Epitaxially grown InAs/GaAs quantum dot platforms for quantum devices with spatial and spectral homogeneity

Epitaxially-grown quantum dots (QDs) are of great interest as they can serve as the platform for possible qubits and have wide-range of applications in quantum information, quantum sensing and quantum computing. Quantum dots can confine excitons exhibiting atom-like discrete energy levels, and can thus be used as single photon sources. One of the most extensively analyzed QD/substrate pairs for these applications is the InAs QDs on GaAs. Nevertheless, achieving precise control over the sites and spectra of the grown quantum dots (QDs) remains a significant challenge when striving for device integration. Various methods for fine-tuning are currently under exploration. The essential criteria for a fully developed epitaxially grown quantum device would include spatial, spectral, and structural homogeneity, along with scalability.

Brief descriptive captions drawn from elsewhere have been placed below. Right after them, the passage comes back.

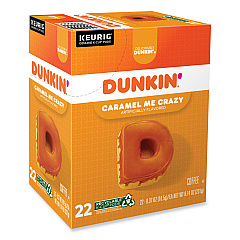 Dunkin Donuts K-Cup Pods, Caramel Me Crazy, 22/Box (1277)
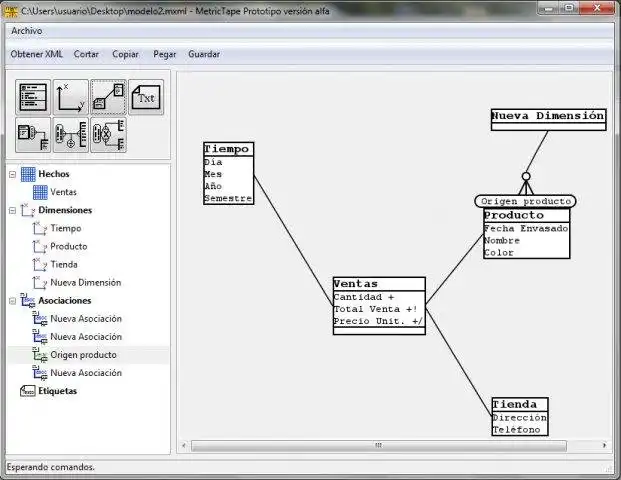 Завантажте веб-інструмент або веб-програму Snowflake Multidimensional CASE Tool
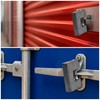 Kurtzy Heavy Duty Steel Lock with 8 Keys - Protects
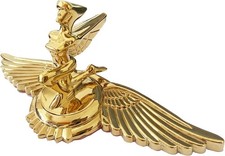 Goddess Hood Ornaments For Cars Angel Flying Wings Logo Car Front Bonnet Stand C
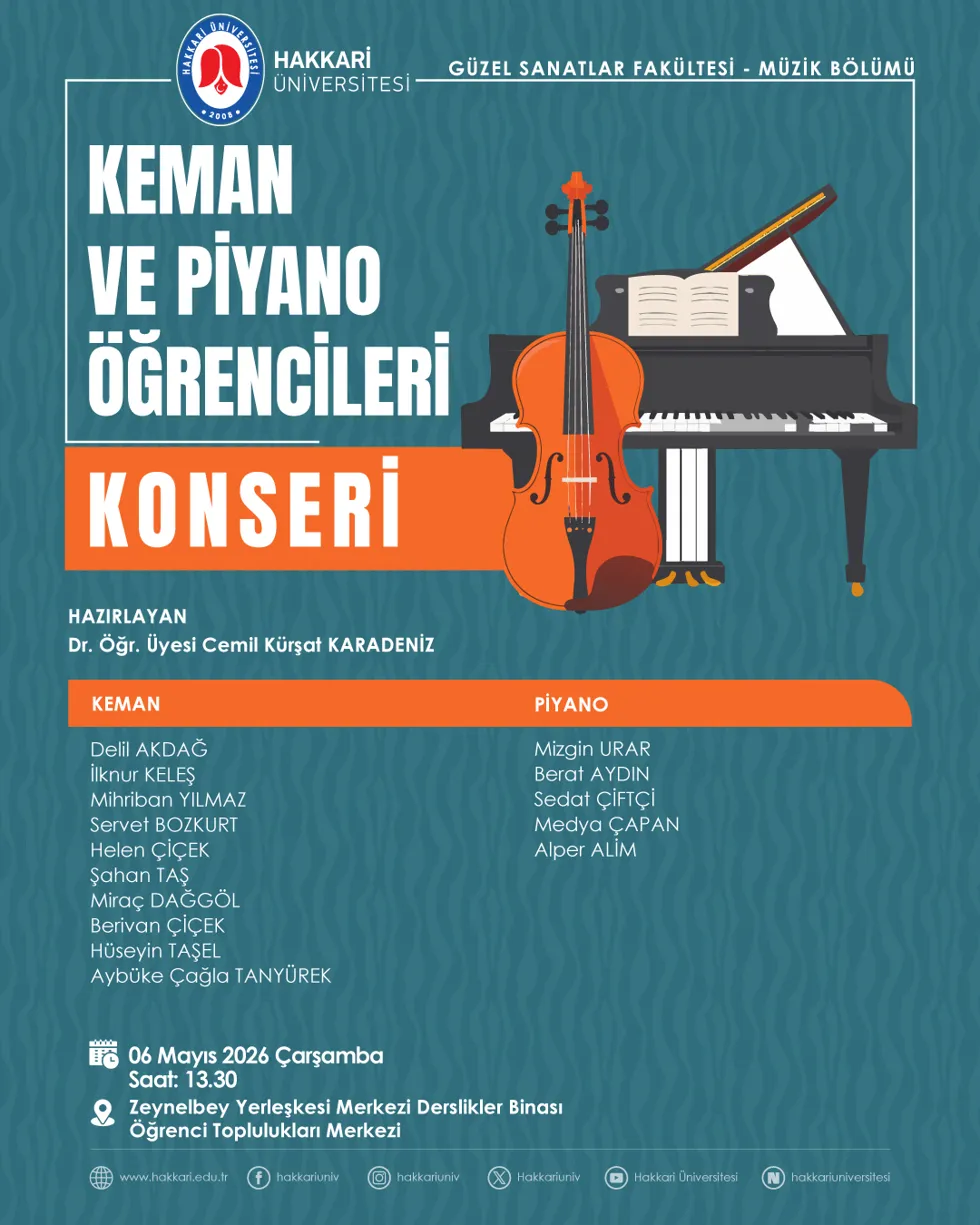 Güzel Sanatlar Keman ve Piyano Öğrencileri Konseri etkinlik afişi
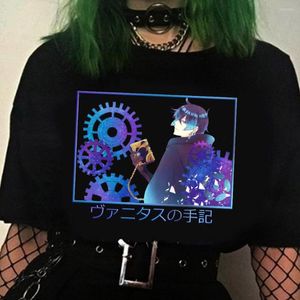 Мужские футболки аниме Тематическое исследование футболки Vanitas Round Shem Summer Harajuku Tees для женщины/мужчины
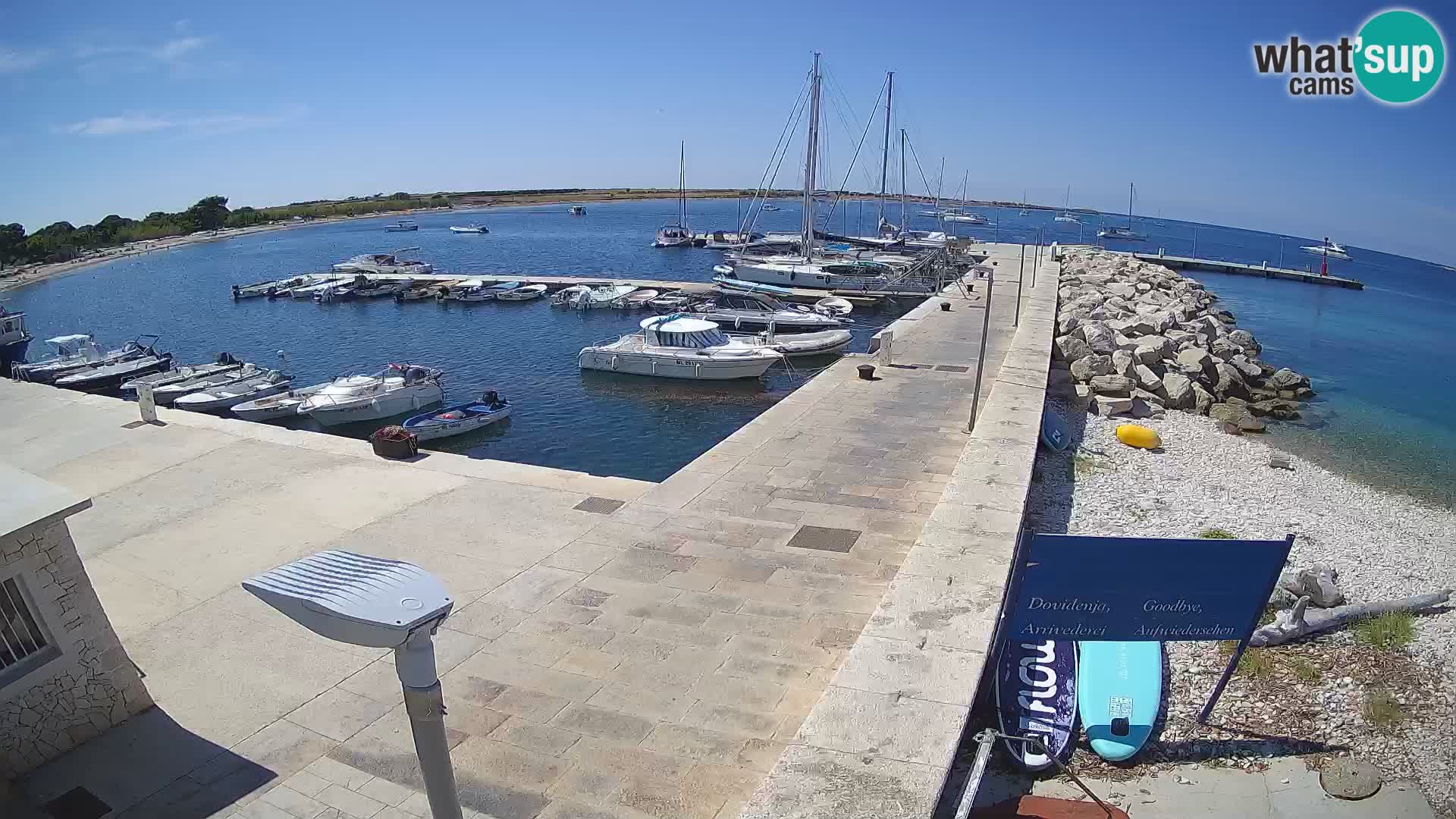 Webcam de l’île d’Unije – Explorez la beauté du joyau caché de la Croatie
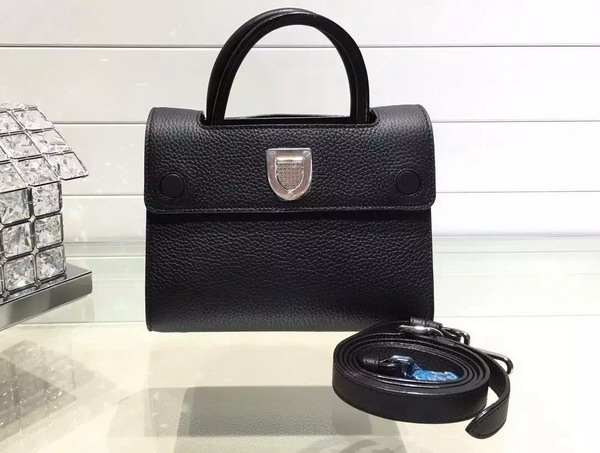 Mini Diorever Bag in Black Bullcalf Leather for Sale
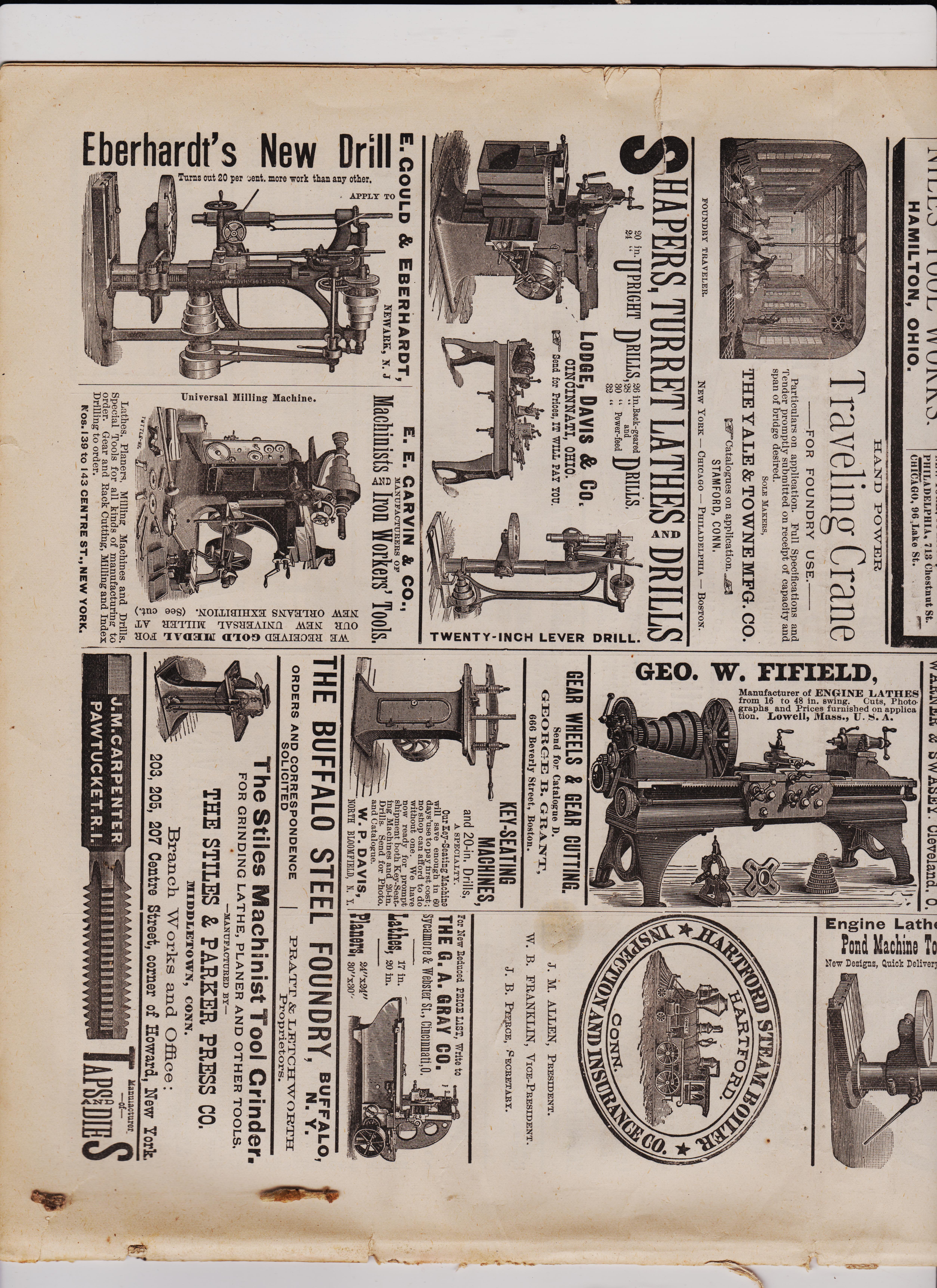 https://antiquemachinery.com/images-American-Machinist-Feb-12-1887/American-Machinist-Feb-12-1887-pg-16-bot-Lodge-and-Davis-Co-Key-SeatDrill-lathe-Drills-Grey-Planer-Geo-W-Fifield-lathe-Grant-Gear-Wheels-E-E-Garvin-Horizontal-Milling-Machine-Eberhardt-Drill-Press-Styles-and-Parker.jpeg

Recent work has been done by our group on low-density site-controlled MBE grown InAs QDs on GaAs platform using nano-fabricated arrays of nano pits. However, achieving spectral homogeneity and thus, scalability is still a challenge because of the impurities introduced in the regrowth surface from the nanofabrication steps. Hence, we are exploring the domain of quantum dot columns (QDCs) as a buffer layer for the top QD-arrays of interest. In this process, the spatial homogeneity can be maintained by the templated QDs in the bottom layers while burying defects underneath the QDCs and potentially, scalable platforms for devices can be achieved.